O berço do Movimento dos Direitos Civis

Em 1861, a cidade serviu brevemente como a primeira capital dos Estados Confederados da América, depois de 11 estados decidirem separar-se da união, como consequência da eleição de Abraham Lincoln como presidente dos Estados Unidos, um ano antes. Delegados de seis desses estados – Carolina do Sul, Mississippi, Alabama, Flórida, Geórgia e Louisiana – reuniram-se em Montgomery em fevereiro de 1861, para estabelecer oficialmente o seu próprio governo.
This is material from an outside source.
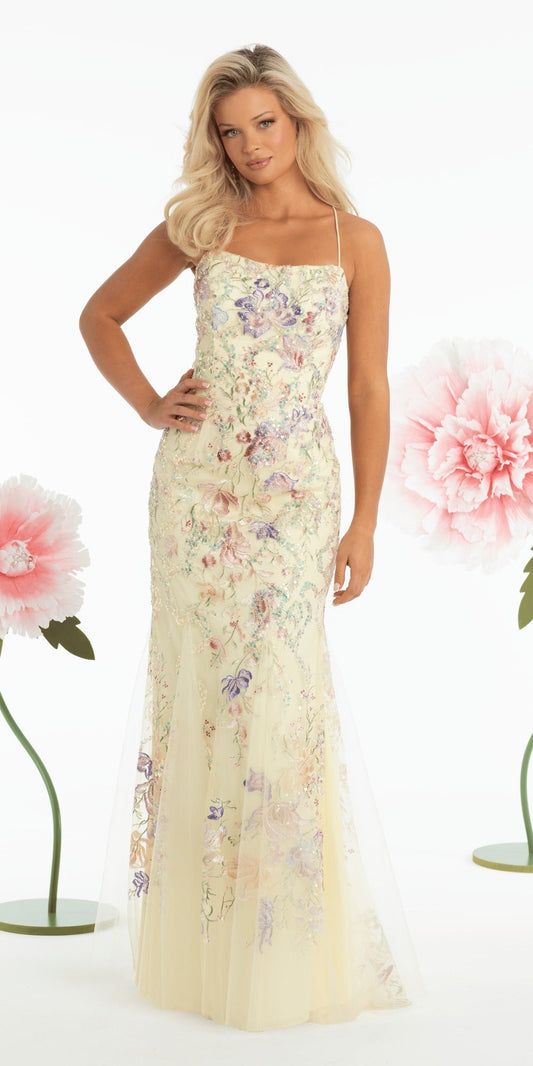 Strapless Embroidered Organza Corset Ballgown with Ruffles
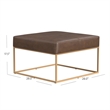 Benjara Kai Ottoman- Brown Faux Leather and Gold Metal- 28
Foi ali também que, 94 anos depois, em 1955, foi definido o marco zero para os protestos do Movimento dos Direitos Civis. O boicote aos autocarros de Montgomery, iniciado por Rosa Parks, chamou a atenção nacional porque foi o primeiro grande protesto contra a segregação racial. Parks recusou-se a ceder o seu assento a um homem branco, conforme exigia a lei do Alabama, na época. Em resposta à prisão de Rosa Parks, os afro-americanos boicotaram a utilização dos autocarros da cidade, num esforço conjunto para forçar o fim da segregação. Após 381 dias de protesto, em novembro de 1956, a Suprema Corte dos EUA decretou o fim da separação racial nos transportes públicos.

Conhecendo a história de Montgomery, conhecendo todos os factos sobre direitos civis que passamos aqui na cidade de Montgomery e o que isso significa para a nação, estamos determinados em resolver isto”, disse o chefe de polícia à CNN. “À medida que novos desenvolvimentos surgirem, alteraremos as acusações conforme necessário… Se chegar ao nível de crimes de ódio, se subir ao nível de incitar um motim, ou o que quer que se pareça… faremos exatamente isso [alterar o número de acusações]”, continuou.

Além de todas as questões sociais e históricas que acabam por estar conectadas ao acontecimento, há uma última questão a destacar. Socialmente, a violência contra corpos negros é difundida e entendida com naturalidade, levando à normalização e à indiferença pela vida de pessoas negras. Por isso, o socorro imediato de outras pessoas negras (que ficaram conhecidas como os “black avengers“, numa referência aos heróis da Marvel) levou ao regozijo quase geral da comunidade negra, nos Estados Unidos e além fronteiras.